**Work request**
Exclude the pictures, then repeat the remaining data exactly.

**Data**
● ● ● ● ●

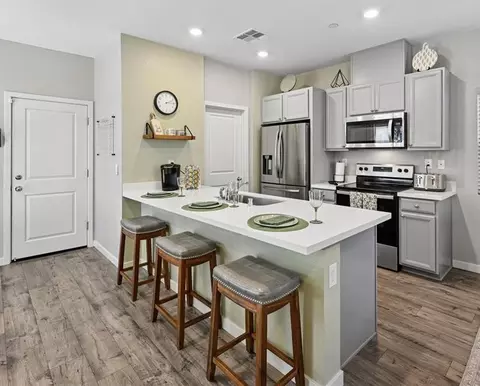 5409 Cumberland Dr, Roseville, CA 95747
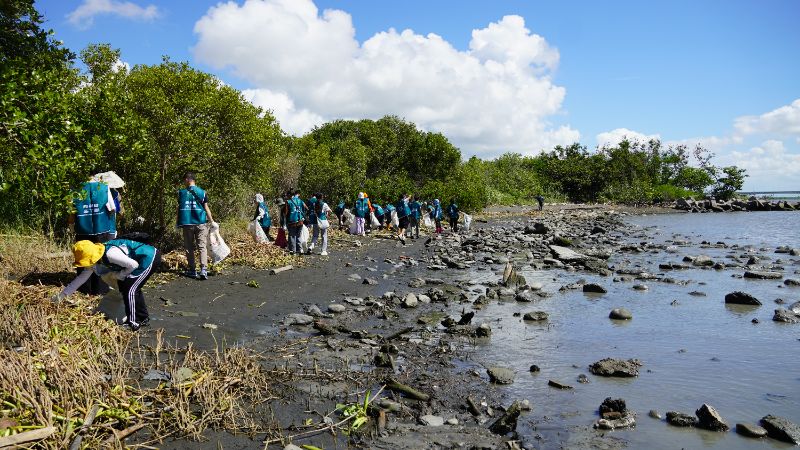 漾新聞｜淨灘撿出床單球鞋！青年守護海洋超震撼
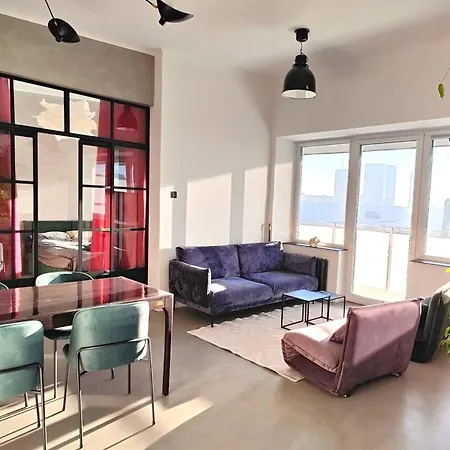 Amazing Loft With View To The Palace Of Culture *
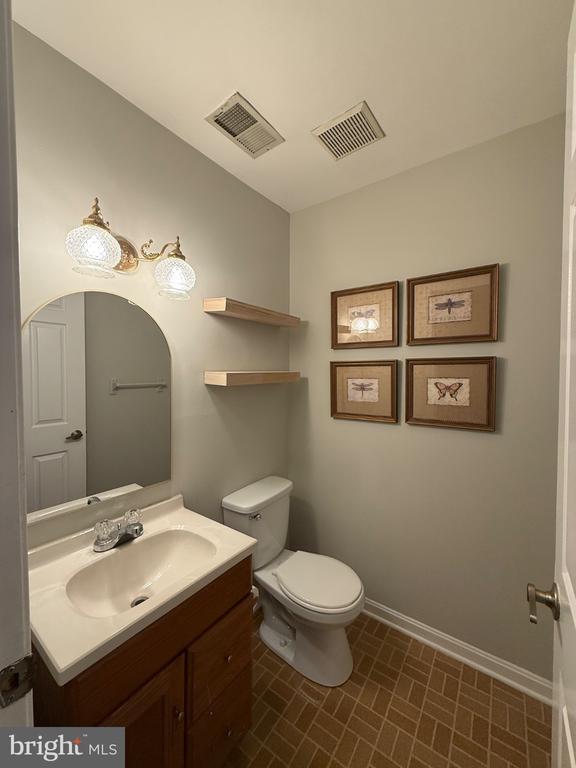 Building Photo - 52 Faraday Dr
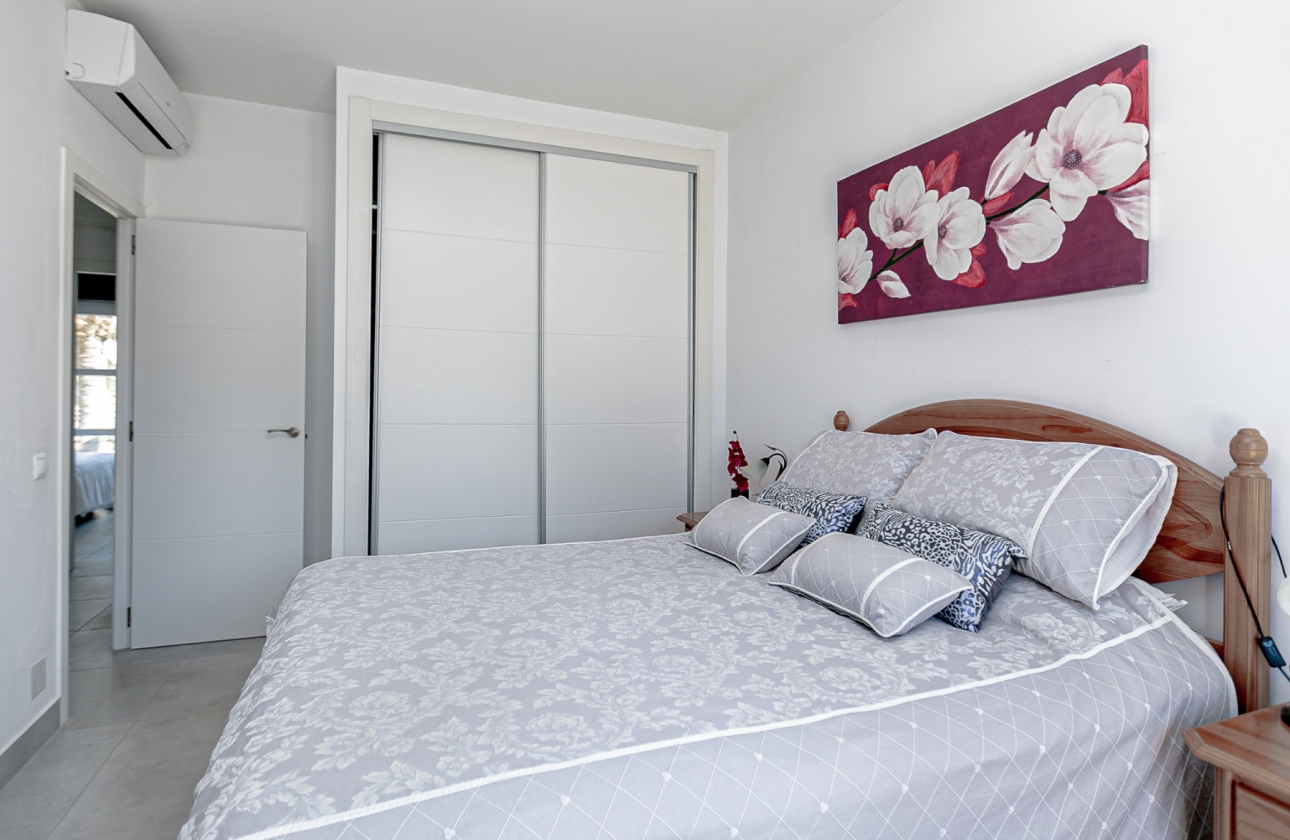 Rynek wtórny - Villa - Orihuela Costa - Lomas de Don Juan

● ● ● ● ●

**Result for this task**
 5409 Cumberland Dr, Roseville, CA 95747
 漾新聞｜淨灘撿出床單球鞋！青年守護海洋超震撼
 Amazing Loft With View To The Palace Of Culture *
 Building Photo - 52 Faraday Dr
 Rynek wtórny - Villa - Orihuela Costa - Lomas de Don Juan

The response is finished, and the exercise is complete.